◆ **Material provided**
--- START ---
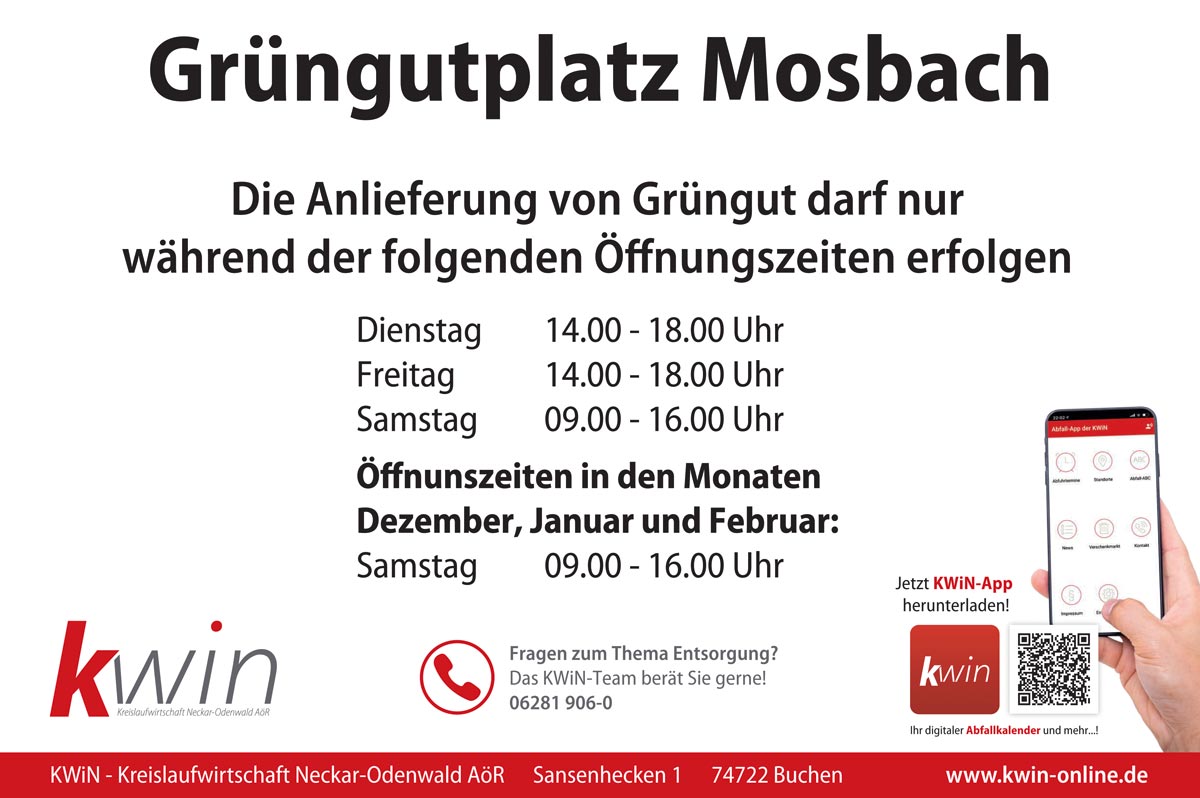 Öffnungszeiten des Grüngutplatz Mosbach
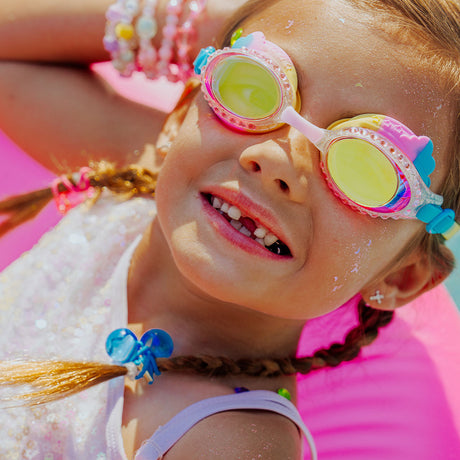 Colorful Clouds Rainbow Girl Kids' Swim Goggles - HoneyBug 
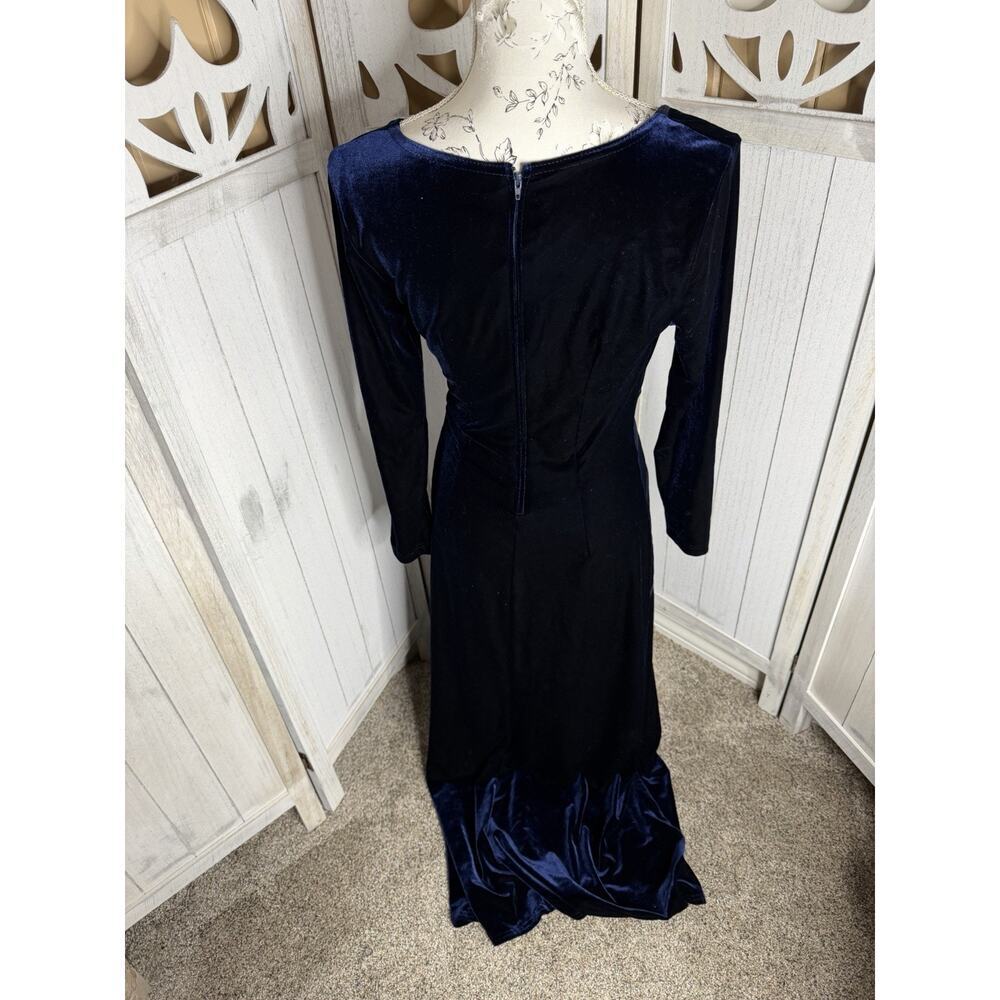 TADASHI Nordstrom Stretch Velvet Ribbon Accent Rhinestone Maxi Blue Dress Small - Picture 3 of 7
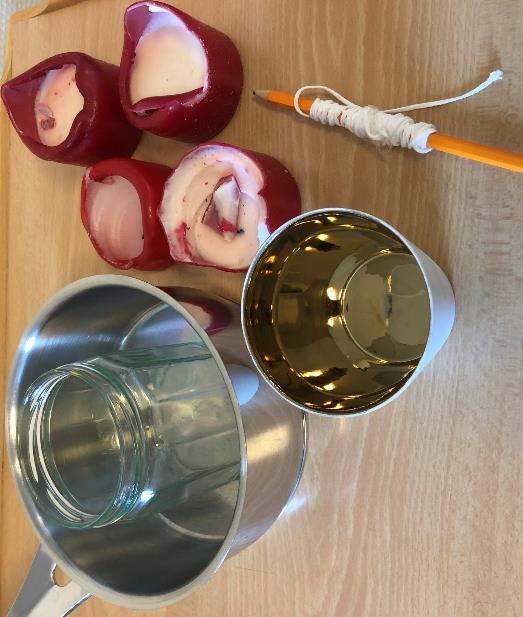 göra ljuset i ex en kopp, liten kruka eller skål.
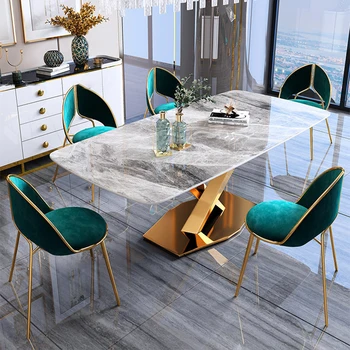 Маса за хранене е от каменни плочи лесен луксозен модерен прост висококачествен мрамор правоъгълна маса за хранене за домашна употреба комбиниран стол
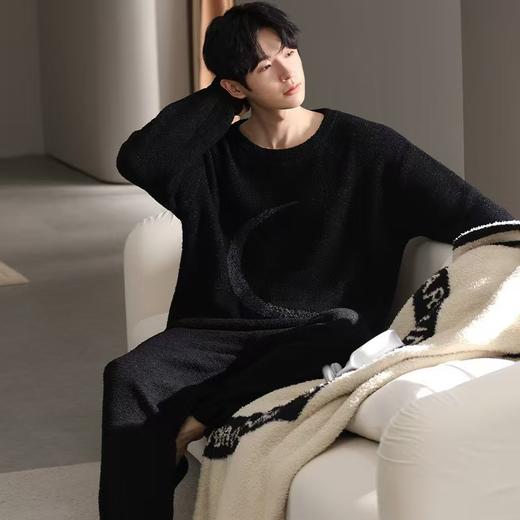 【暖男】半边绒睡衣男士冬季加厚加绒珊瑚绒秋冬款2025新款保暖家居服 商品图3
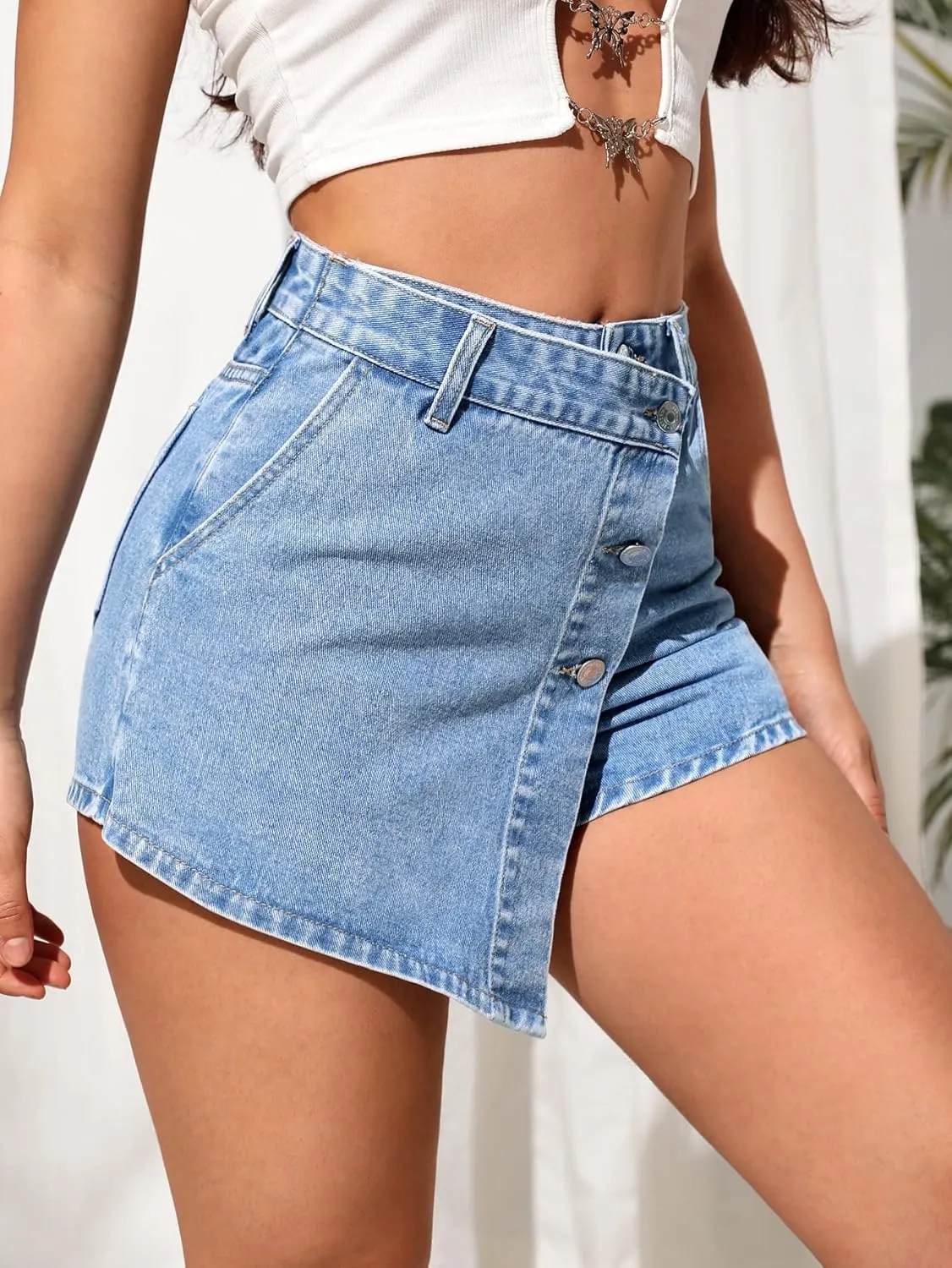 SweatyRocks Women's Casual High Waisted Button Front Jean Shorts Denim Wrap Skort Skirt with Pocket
--- END ---
--- START ---
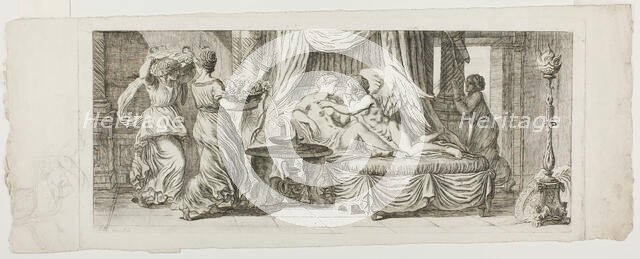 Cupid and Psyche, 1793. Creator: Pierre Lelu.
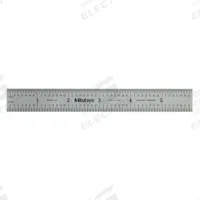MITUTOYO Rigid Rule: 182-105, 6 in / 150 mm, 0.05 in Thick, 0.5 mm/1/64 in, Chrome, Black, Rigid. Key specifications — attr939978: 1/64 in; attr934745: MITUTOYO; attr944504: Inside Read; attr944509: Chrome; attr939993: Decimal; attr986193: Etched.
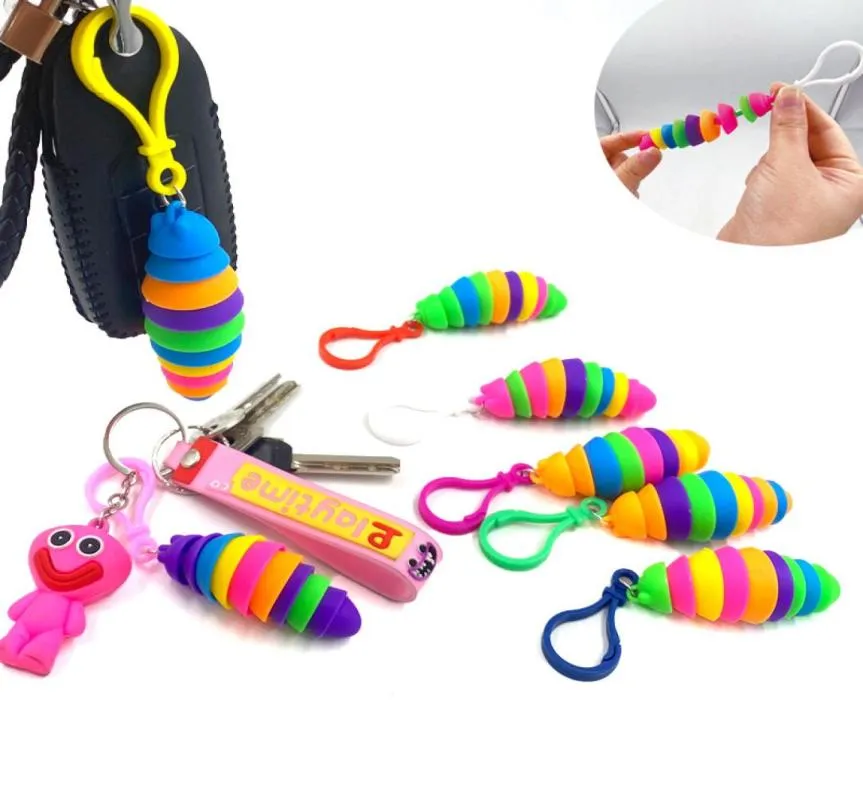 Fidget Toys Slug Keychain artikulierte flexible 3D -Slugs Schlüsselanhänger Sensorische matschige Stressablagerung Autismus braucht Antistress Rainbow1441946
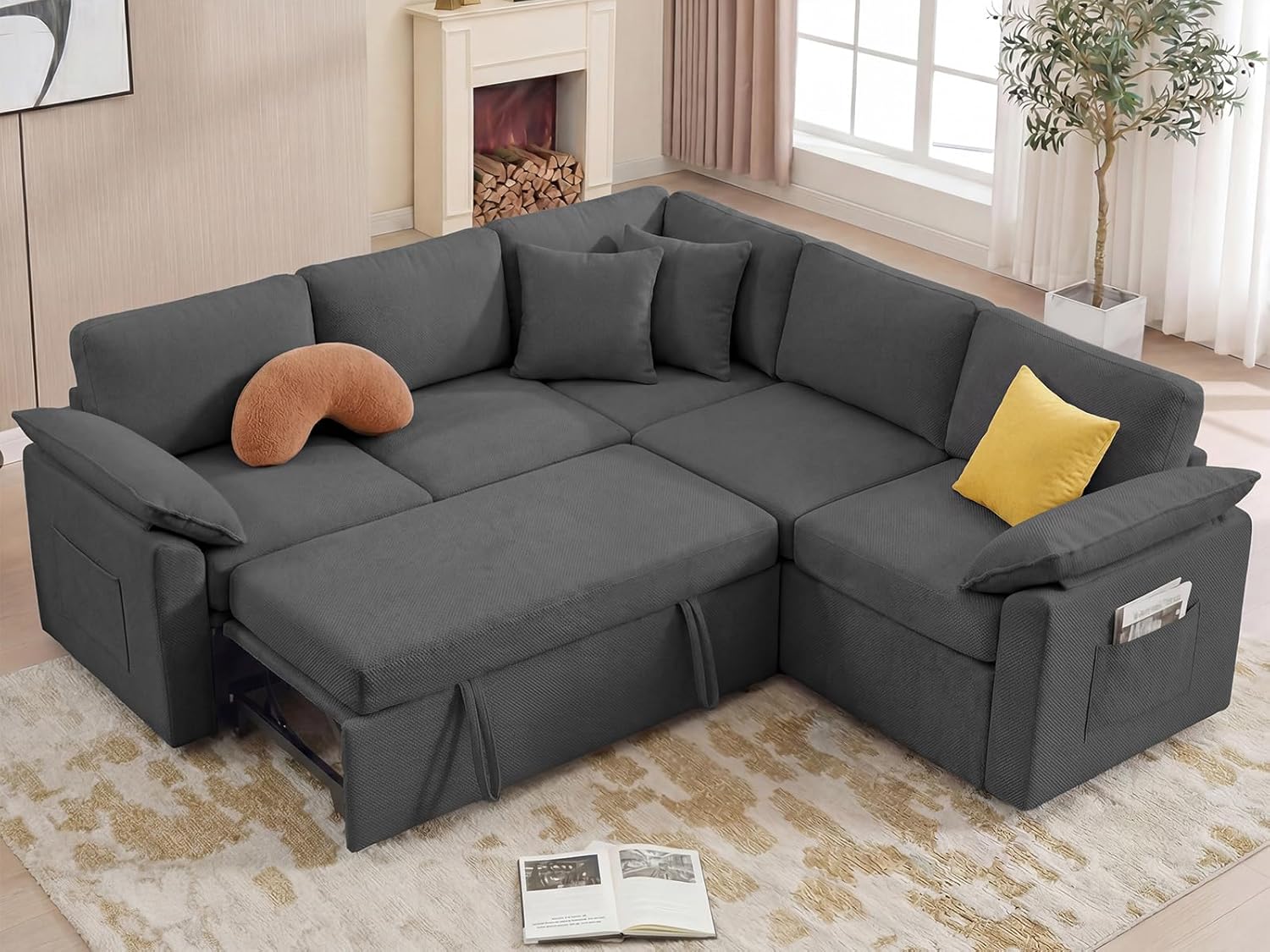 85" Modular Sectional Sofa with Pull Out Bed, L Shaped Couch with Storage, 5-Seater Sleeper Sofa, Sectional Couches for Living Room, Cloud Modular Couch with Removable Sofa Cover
--- END ---
Copy only the lines above from the one containing "Öffnungszeiten des Grüngutplatz Mosbach" through the one containing "göra ljuset i", both included. Leave out the pictures.

◆ **Output**
 Öffnungszeiten des Grüngutplatz Mosbach
 Colorful Clouds Rainbow Girl Kids' Swim Goggles - HoneyBug 
 TADASHI Nordstrom Stretch Velvet Ribbon Accent Rhinestone Maxi Blue Dress Small - Picture 3 of 7
 göra ljuset i ex en kopp, liten kruka eller skål.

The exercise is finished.